Richtig Händewaschen können inzwischen doch alle, oder?
In der Praxis beobachte ich immer wieder dieselben Fehler: Es wird keine oder zu wenig Seife benutzt. Es werden nur die Handinnenflächen gewaschen. Die Hände werden nicht richtig getrocknet, dabei lieben Bakterien und Co. Feuchtigkeit. Einweghandschuhe werden zu lange und zu oft getragen. Und es wird in die Hand geniest und gehustet anstatt in die Armbeuge oder in  Taschentücher.

Müssen deshalb nun die Reinigungsarbeiten und Hygienevorschriften in der Küche verschärft werden? 
Eine Küche ist kein Operationssaal. Aus meiner Sicht genügt daher die konsequente Reinigung gemäss Reinigungsplan. Auch Behälter, Teller, Besteck, Gläser  und so weiter sind bei korrekter Temperatur der Spülmaschine unproblematisch – sofern die Handhygiene immer konsequent und korrekt umgesetzt wird. Händewaschen ist das eine, Abstandhalten das andere.

Ist Distanz in der Küche möglich? 
Am Arbeitsplatz genügend Abstand einzuhalten, ist aus meiner Erfahrung weder in der Küche noch im Verkauf konsequent möglich. Daher ist das Arbeiten mit Mund-Nasen-Schutz unerlässlich.
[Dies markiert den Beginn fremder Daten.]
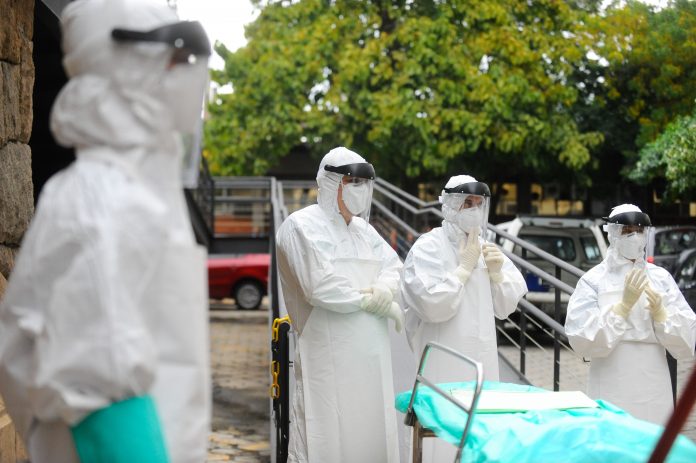 EUA isolam família de infectado por ebola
«Wer das Warum versteht, macht keine Abkürzungen.»


Seit über 20 Jahren beraten Sie Unternehmen in Hygienefragen und geben HACCP*-Workshops. Wie sauber ist es im Gastgewerbe? 
Der Hygienestandard in der Schweiz ist sehr hoch. Das Verständnis für die Zusammenhänge und die professionelle Unterstützung durch Reinigungsfirmen erleichtern die Organisation und Überwachung der Abläufe. Aber auch hier gilt: Der Mensch steht im Mittelpunkt. Wenn ein Mitarbeiter die Kontrolllisten schon am Montag für die ganze Woche ausfüllt oder eine Mitarbeiterin die Toilettenkontrolle zwar vornimmt, aber die Arbeiten nur oberflächlich ausführt, wiegt man sich in einer falschen Sicherheit. 

Wie lässt sich diesesProblem lösen ?
Durch regelmässige Schulung der Mitarbeitenden. Am besten durch Visualisierung der Situation mit Stempelfarbe, UV-Licht oder Oberflächentests. Nur wer das Warum versteht, macht keine Abkürzungen.
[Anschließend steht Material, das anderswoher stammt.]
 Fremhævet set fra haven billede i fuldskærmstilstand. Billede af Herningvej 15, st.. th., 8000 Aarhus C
Sie lehren an der SHL Schweizerischen Hotelfachschule Luzern . Welches Hygienethema beschäftigt die angehenden Hoteliers besonders? 
Die Automatisierung von wiederkehrenden Aufgaben ist in den Klassen ein Dauerbrenner. Schaut man dann auf die Qualität der Reinigung, zeigt die Erfahrung meistens, dass nur gut geschulte Mitarbeitende mit dem notwendigen Sachverständnis die geforderte Sorgfalt an den Tag legen. Mit anderen Worten: Reinigungspläne, Desinfektionsmittel und modernste Technologien nützen nichts, wenn Grundkenntnisse der Zusammenhänge nicht vorhanden sind. In Schulung investierte Zeit ist daher bares Geld.

(Interview Riccarda Frei)


*HACCP: Diese Kürzung steht für Hazard Analysis and Critical Control Points. Unter diesem Begriff ist ein Hygienekonzept  in der Gastronomie und Lebensmittelbranche zu verstehen. Es hilft, potenzielle Gefahren für die Gesundheit zu erkennen und entsprechende Hygienekontrollpunkte abzuarbeiten.
 



Zur Person

Marianne Dubs ist Gründerin und Inhaberin der Alinnova GmbH in Luzern und Dozentin an der SHL Schweizerischen Hotelfachschule Luzern für die Fächer Hygiene, Deklaration, Hauswirtschaft und Ökologie.